Чешуйка предпоследнего дракона - страница 91

Шрифт
Интервал


Я вошла в единственную комнату, уже почти не освещенную, и осмотрелась. Ферин и Рима стояли в самом дальнем углу у завешенной пестрым стеганым покрывалом кровати. Вор тут же махнул мне подойти.

Девочка нервно кусала губы, отчаянно сдерживая слезы, но руки, сжимавшие выщербленную кружку с отваром, мелко дрожали. Всем своим видом Рима старалась показать, что она взрослая, но ей было больно и страшно.

- Поплачь, - я легонько похлопала ее по плечу. - В голос, не сдерживайся. Станет легче, вот увидишь. Что тут случилось?

- Сердце прихватило, - тихо ответила старушка, положив сухую ладонь на грудь. - Мало мне осталось. Всеми богами молю, увезите Римку хоть в другое село, иначе сожгут ее тут живьем, только одна останется...

- Заберу, не беспокойтесь, - успокоила ее я. - Берегите силы.

- Нечего беречь, деточка, изошел мой век. Только внучку не бросьте, прошу вас.

- Почему местные так агрессивно настроены? - спросила я, подвинув треногу и сев рядом с кроватью. - Ведьмой называют.

Хозяйка упрямо поджала губы и отвела взгляд:

- Я не ведьма.

- Тогда кто?

Молчание в ответ.

- Я не смогу помочь, если не знаю этого. Скоро здесь будут Гарды, мне нужно знать, о чем пойдет речь, чтобы защитить вас обеих.

- Она еще ребенок, будьте милосердны, просто заберите ее и уезжайте, пусть поджигают хату вместе со мной, они давно ждали повода, да все не решались.

- Кто вы такие? - не сдавалась я. - Даю слово, что не убью Риму, даже если она волколак или мавка.

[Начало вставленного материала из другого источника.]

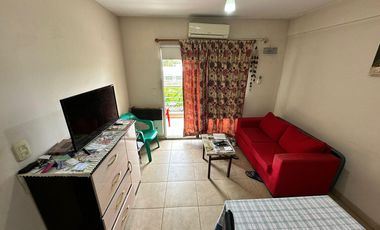 DEPARTAMENTO AL FRENTE EN TAPIALES EXCELENTE UBICACION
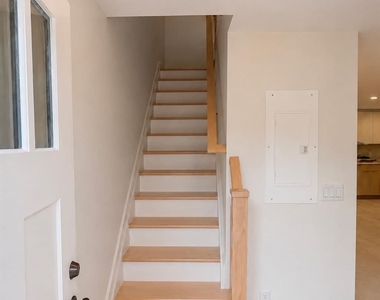 60 Schneider Avenue - Photo Thumbnail 6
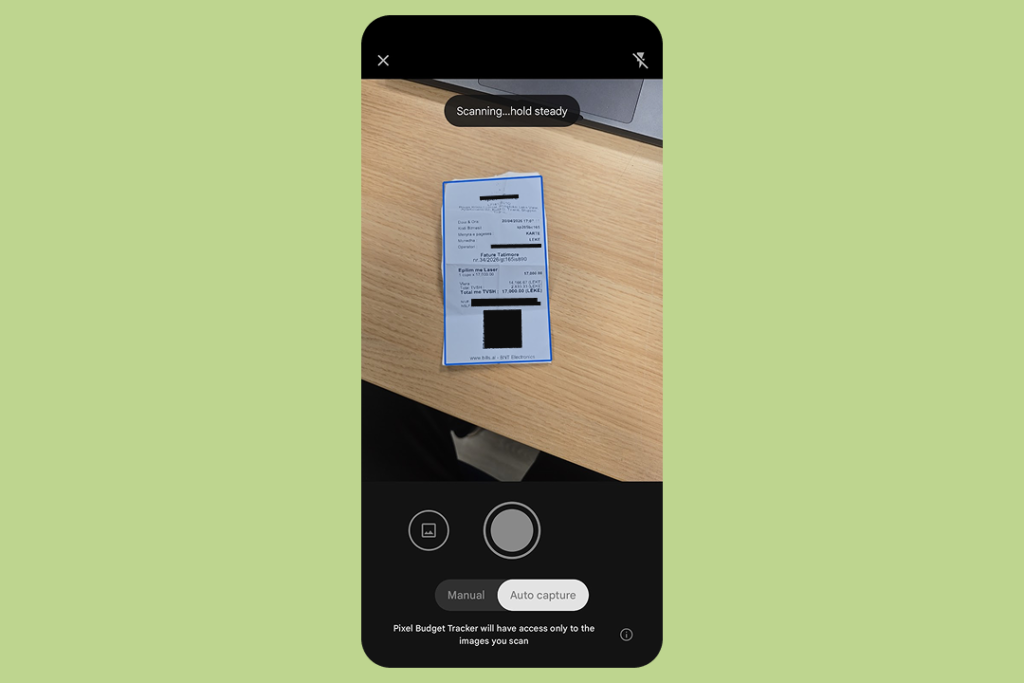 Scanning a paper receipt on the phone to fill in an expense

- Я дочь красного дракона, - совсем тихо ответила старушка. - Матушка моя данью была от деревни, а тяжелая домой убежала от змея, да ее там едва саму не сожгли живьем. Староста тогда заступился, он всегда матушку мою любил, с самого детства. И всем говорил, что я его ребенок, да все равно не верили. - Женщина перевела дух, потерла ладонью грудь над сердцем, - А как матушка умерла, так меня и начали травить.

- И все равно осталась тут жить? - хмыкнула я.

- Нет, ты что. Это уже пятая деревня, где я поселилась. И даже сюда слух дошел, языки злые меры не знают, а у всех найдется свояк, что-то про кого-то знающий. Сына моего с невесткой живо порешили, сдали Гарды, а меня трогать не стали, травница в ту пору шибко нужна была, хворь сильная ходила. Римку ж я божилась, что подобрали сиротой, а как подросла, вылитый отец стала. Так и просидела бы на чердаке до самой смерти, боясь выйти. Нигде нет нам жизни с ней. Меня убей, ежели хочешь, а ее не трогай, не осталось в ней поганой крови.